* [EXERCISE REQUIREMENTS]: Within the entries below, the lines from the one with "Clásicos de la" through the one with "Cargar imagen en" are to be set down exactly, both ends kept.
━━━━━ PROVIDED RECORDS ━━━━━
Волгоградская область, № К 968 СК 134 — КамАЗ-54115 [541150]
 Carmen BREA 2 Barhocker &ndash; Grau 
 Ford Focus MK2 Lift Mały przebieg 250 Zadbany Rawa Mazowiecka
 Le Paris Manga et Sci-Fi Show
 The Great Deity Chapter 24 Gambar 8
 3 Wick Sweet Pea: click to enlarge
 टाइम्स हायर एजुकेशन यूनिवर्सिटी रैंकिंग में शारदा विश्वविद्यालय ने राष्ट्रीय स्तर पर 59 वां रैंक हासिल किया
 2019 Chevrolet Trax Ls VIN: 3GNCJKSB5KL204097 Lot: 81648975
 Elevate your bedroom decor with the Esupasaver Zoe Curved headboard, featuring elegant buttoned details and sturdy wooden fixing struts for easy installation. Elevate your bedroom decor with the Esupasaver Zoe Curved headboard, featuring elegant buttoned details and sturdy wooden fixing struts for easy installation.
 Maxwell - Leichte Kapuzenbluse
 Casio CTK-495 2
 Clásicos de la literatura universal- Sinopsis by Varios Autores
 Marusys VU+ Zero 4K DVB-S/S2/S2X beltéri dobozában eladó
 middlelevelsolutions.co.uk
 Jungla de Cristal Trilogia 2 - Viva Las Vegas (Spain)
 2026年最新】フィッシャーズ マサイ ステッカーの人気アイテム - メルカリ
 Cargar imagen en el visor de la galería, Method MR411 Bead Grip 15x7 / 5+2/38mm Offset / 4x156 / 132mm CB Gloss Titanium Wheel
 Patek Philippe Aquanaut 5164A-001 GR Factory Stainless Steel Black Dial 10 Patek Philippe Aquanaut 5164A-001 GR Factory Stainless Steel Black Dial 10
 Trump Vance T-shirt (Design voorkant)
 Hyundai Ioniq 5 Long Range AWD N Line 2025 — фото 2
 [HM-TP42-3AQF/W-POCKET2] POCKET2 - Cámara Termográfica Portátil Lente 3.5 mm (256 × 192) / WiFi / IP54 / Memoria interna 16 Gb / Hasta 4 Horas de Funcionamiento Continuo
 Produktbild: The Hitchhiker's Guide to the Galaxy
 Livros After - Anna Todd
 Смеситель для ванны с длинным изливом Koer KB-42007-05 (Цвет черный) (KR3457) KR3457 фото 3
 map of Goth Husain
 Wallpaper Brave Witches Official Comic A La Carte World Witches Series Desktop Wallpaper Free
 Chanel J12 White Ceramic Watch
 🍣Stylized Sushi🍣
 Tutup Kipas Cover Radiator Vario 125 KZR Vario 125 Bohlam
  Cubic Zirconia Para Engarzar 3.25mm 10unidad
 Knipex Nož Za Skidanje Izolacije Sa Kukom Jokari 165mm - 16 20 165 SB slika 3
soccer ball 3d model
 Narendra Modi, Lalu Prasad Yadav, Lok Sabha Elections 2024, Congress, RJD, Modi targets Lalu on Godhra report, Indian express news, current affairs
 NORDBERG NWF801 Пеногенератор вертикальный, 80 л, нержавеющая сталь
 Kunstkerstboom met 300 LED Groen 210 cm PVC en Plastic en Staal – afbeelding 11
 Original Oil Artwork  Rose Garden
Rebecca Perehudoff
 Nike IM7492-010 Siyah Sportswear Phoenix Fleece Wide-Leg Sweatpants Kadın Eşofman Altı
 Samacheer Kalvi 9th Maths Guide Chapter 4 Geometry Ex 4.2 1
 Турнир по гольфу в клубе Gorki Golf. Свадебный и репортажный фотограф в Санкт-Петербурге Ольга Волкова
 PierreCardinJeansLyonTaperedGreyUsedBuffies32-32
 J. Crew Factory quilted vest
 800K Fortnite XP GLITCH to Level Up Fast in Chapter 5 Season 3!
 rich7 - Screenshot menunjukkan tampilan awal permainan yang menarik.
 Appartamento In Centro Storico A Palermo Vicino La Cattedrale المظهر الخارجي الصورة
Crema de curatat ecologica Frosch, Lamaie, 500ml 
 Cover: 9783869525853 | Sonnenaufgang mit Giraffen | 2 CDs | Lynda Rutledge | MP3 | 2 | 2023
━━━━━
* [TASK RESULT]:
 Clásicos de la literatura universal- Sinopsis by Varios Autores
 Marusys VU+ Zero 4K DVB-S/S2/S2X beltéri dobozában eladó
 middlelevelsolutions.co.uk
 Jungla de Cristal Trilogia 2 - Viva Las Vegas (Spain)
 2026年最新】フィッシャーズ マサイ ステッカーの人気アイテム - メルカリ
 Cargar imagen en el visor de la galería, Method MR411 Bead Grip 15x7 / 5+2/38mm Offset / 4x156 / 132mm CB Gloss Titanium Wheel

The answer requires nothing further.